Robert Conroy (1811 - April 5, 1868) was an Irish-born business owner and politician in Quebec. He served as mayor of Aylmer from 1858 to 1860 and from 1866 to 1868. He was considered one of the most prosperous hotel operators and lumber barons in the Ottawa Valley during the 1850s.

Born in Magherafelt in County Londonderry, Conroy arrived in the Ottawa region in 1830. In 1834 (some sources say 1838) he built the British Hotel in Aylmer. Conroy partnered with John Egan, Charles Symmes and Harvey Parker in the operation of a steam-powered flour mill. He was also a partner with Egan, Richard McConnell and Joseph-Ignace Aumond in the Bytown and Aylmer Union Turnpike Company which completed the Britannia Road (later known as the Aylmer Road) connecting Bytown, Hull and Aylmer to aid in the transport of lumber. Conroy built a sawmill in the Aylmer area which formed the nucleus for the development of the village of Deschênes, now a neighbourhood in the city of Gatineau. Conroy was one of the prominent timber kings of his era who were consulted by the Canadian government during the development of the Crown Timber Act of 1849, which was the first legislation in Canada regulating the use of forest resources on Crown lands. He was a director of the Ottawa Association of Lumber Manufacturers and held extensive timber cutting rights on the Madawaska River and other parts of Renfrew County, Ontario. Conroy was president of the Madawaska River Improvement Company, formed to build timber slides and other structures to aid in the transport of logs on that river. During the 1850s, he bought the Aylmer Hotel, later the Auberge Symmes, from Charles Symmes. He also operated a general store in Aylmer.
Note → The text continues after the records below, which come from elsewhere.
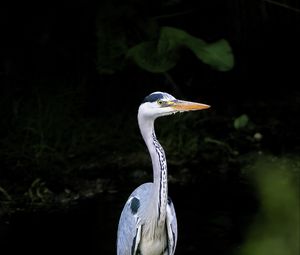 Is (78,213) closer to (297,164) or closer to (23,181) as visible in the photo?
(23,181)

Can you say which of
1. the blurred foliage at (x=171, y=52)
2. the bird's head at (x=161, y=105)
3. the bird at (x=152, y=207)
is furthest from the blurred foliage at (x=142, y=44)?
the bird's head at (x=161, y=105)

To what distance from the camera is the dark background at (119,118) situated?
17.4 ft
Conroy served as a captain in the militia for Ottawa County and was a prominent member of the local Masons. When the Prince of Wales visited Aylmer in 1860, Conroy was a member of the group that drafted the address of welcome.

He married Mary McConnell in 1837 and, in 1841, they moved into an apartment in the British Hotel, where they lived until 1845 when construction of his first home was completed. Conroy died in office at the age of 56 and his wake was held at the British Hotel.

Some sources say that the assassin of Thomas D'Arcy McGee fled to Aylmer to hide himself among those gathered for Conroy's wake.

His son William later also served as Aylmer mayor and another son Robert Hughes Conroy served as mayor of Hull South.

Conroy's former residence has been designated as a heritage building by Quebec.

Conroy Island, an island in the Ottawa River, was named after Robert Conroy and his family.